Yolanda Ballesteros - Mié, 21/06/2017 - 09:54
Yolanda Ballesteros, responsable de la Oficina de Apoyo a la Investigación y a la Transferencia (OTRI) de la Universidad Isabel I.
En este Día Europeo de la Música, me gustaría aportar mi reflexión personal para contribuir a la celebración de la existencia de este fenómeno. Para mí, la música es uno de los objetos intangibles más valiosos, en sus múltiples manifestaciones y esferas (participando en calidad tanto de oyente como de emisor).

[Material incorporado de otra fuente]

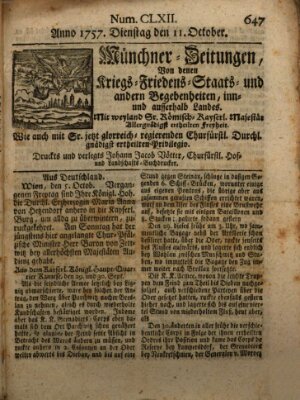 Münchner-Zeitungen, von denen Kriegs-, Friedens- und Staatsbegebenheiten, inn- und ausser Landes (Süddeutsche Presse) Dienstag 11. Oktober 1757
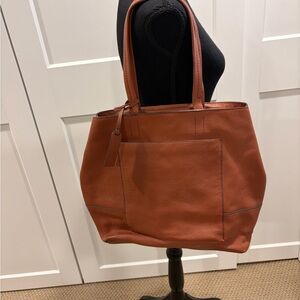 J. Crew Brown Leather Tote Bag with Red Liner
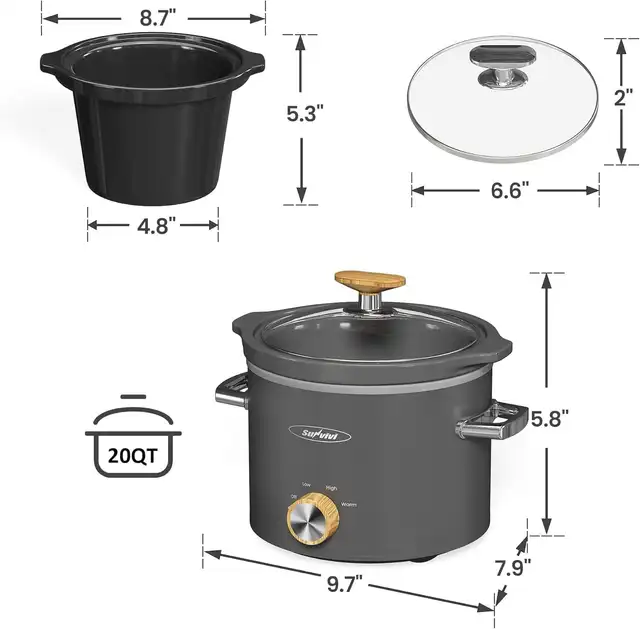 2 Quart Ceramic Slow Cooker 6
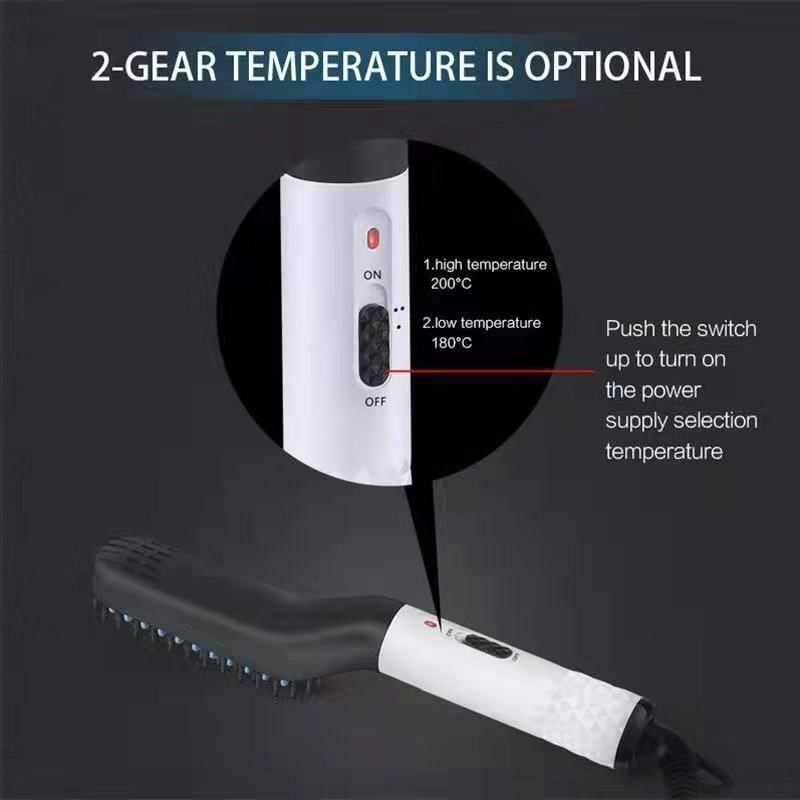 Beard Straightener Comb, Fast Heating Multifunctional Electric Hair Comb Portable Beard Brush Styler for Men Women Home Travel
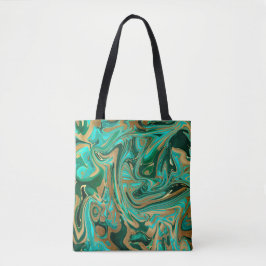 Green & Gold Liquid Marmor Tasche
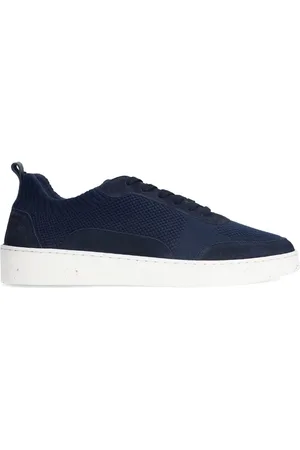 Manfield Heren - Navy knit fabric sneakers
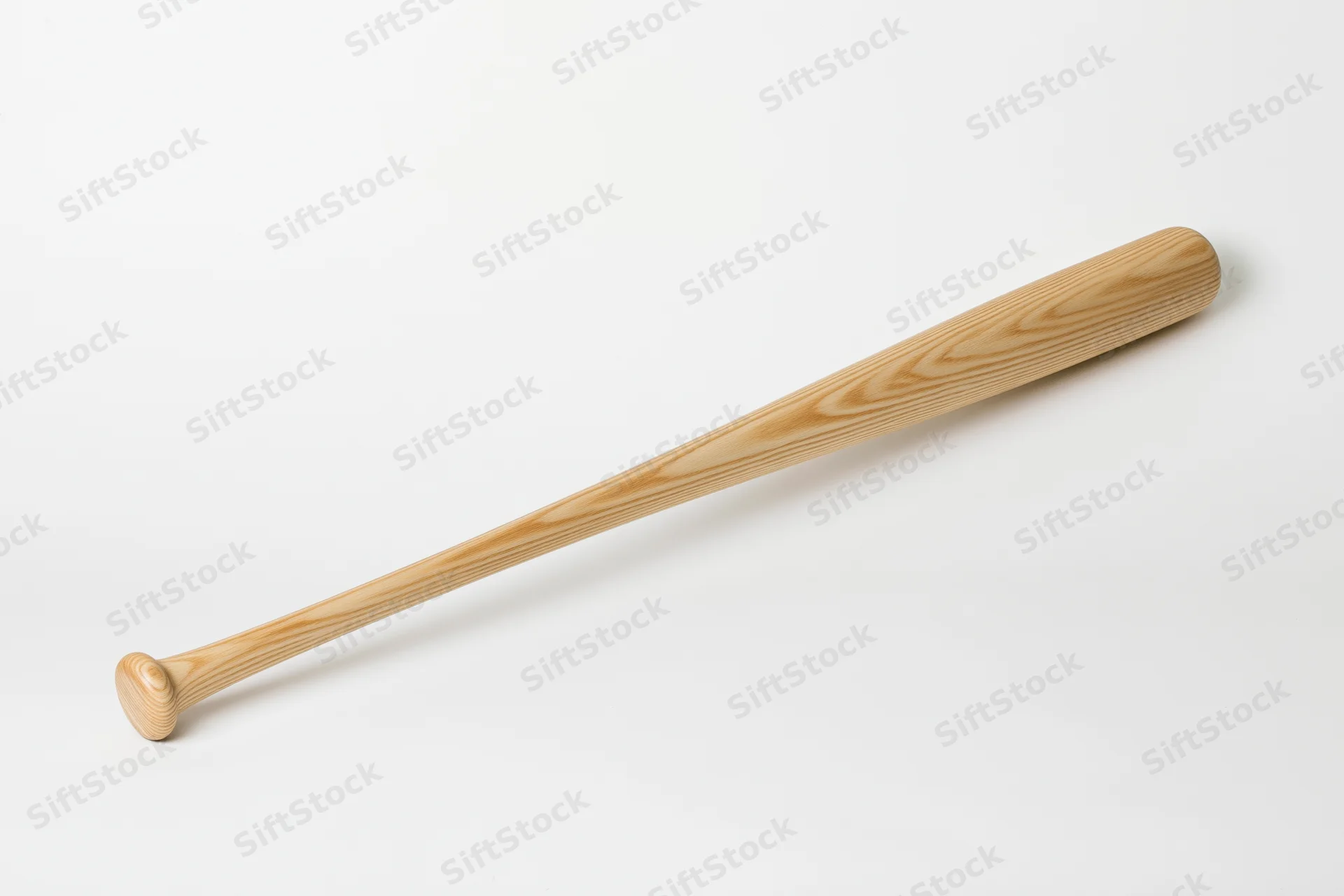 Unfinished wooden baseball bat lying diagonally on white background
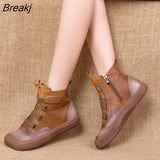 Genuine Leather Women Boots Retro Shoes Mixed Colors Flat With 2022 New Autumn Winter Concise Square Toe Ladies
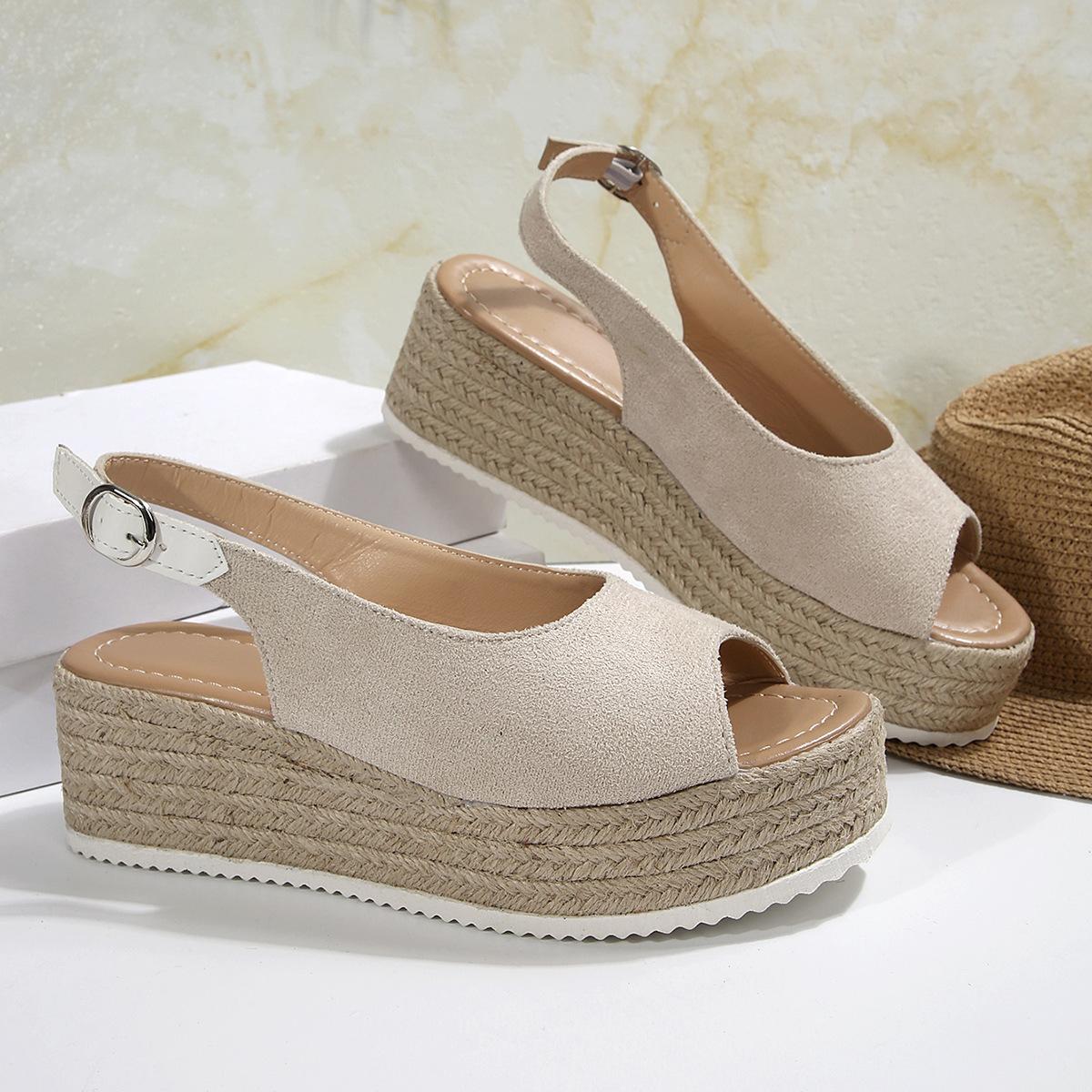 

2025 summer new European and American style solid color round head open toe solid color one-word buckle women s large size sandals 43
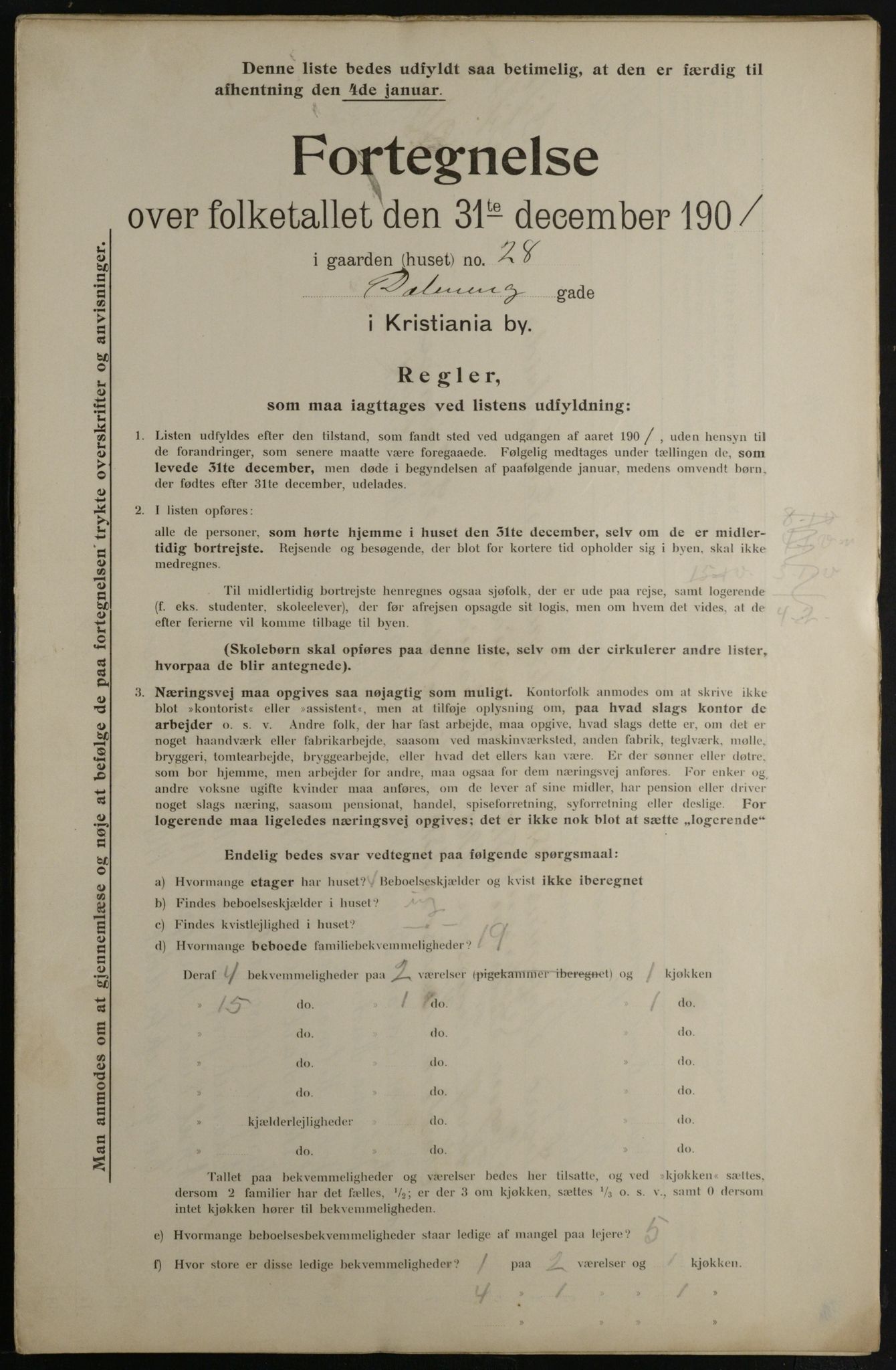 OBA, Municipal Census 1901 for Kristiania, 1901, p. 2849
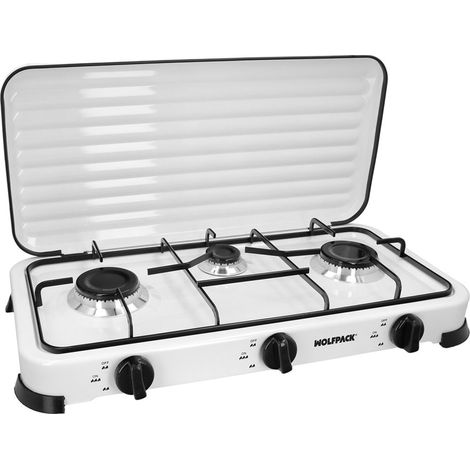 Cuisinière à gaz à 3 brûleurs, puissance 5,4 kW.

Según la Real Academia Española, la música es el arte de combinar los sonidos de la voz humana o de los instrumentos, o de unos y otros a la vez, de suerte que produzcan deleite, conmoviendo la sensibilidad, ya sea alegre, ya tristemente.
La música ha despertado curiosidades y contado con adeptos desde el inicio de los tiempos. Se considera que la música nació de manera pareja al ser humano. Mucho después (unos cuantos siglos antes de Cristo), Aristóteles lanzó la afirmación de que la música es el fenómeno más influyente que puede afectar a una audiencia y Freud, allá por los años 20 del pasado siglo, interpretó la música en términos de “sublimación”, algo así como una manera de transformar los instintos sexuales en productos y actividades bien vistos por la sociedad.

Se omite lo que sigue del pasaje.